Top of SOURCE DATA

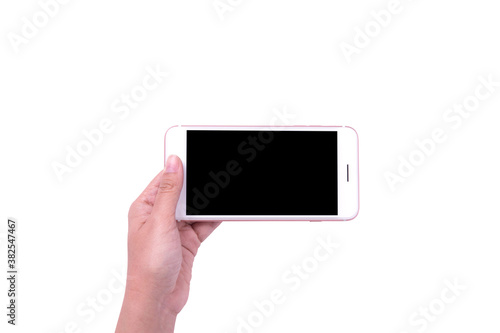 woman hand using white phone with isolated screen.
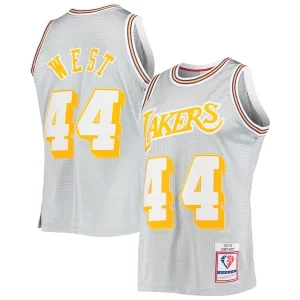 Hermoso Versátil Jerry West Los Angeles Lakers 75th Anniversary 1971/72 Hardwood Classics Swingman Jersey Silver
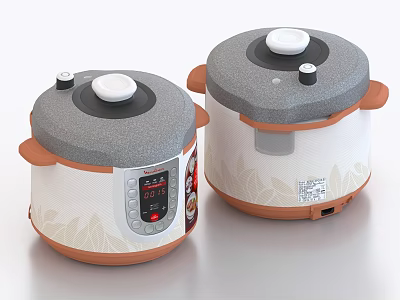 Two Modern Electric Rice Cookers With Gray Lids White Bodies And Orange Handles 3d model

Bottom of SOURCE DATA

**WHAT TO DO**. Whenever a picture appears in the listing, leave it out; copy everything else exactly.

**TASK OUTPUT**.
 woman hand using white phone with isolated screen.
 Hermoso Versátil Jerry West Los Angeles Lakers 75th Anniversary 1971/72 Hardwood Classics Swingman Jersey Silver
 Two Modern Electric Rice Cookers With Gray Lids White Bodies And Orange Handles 3d model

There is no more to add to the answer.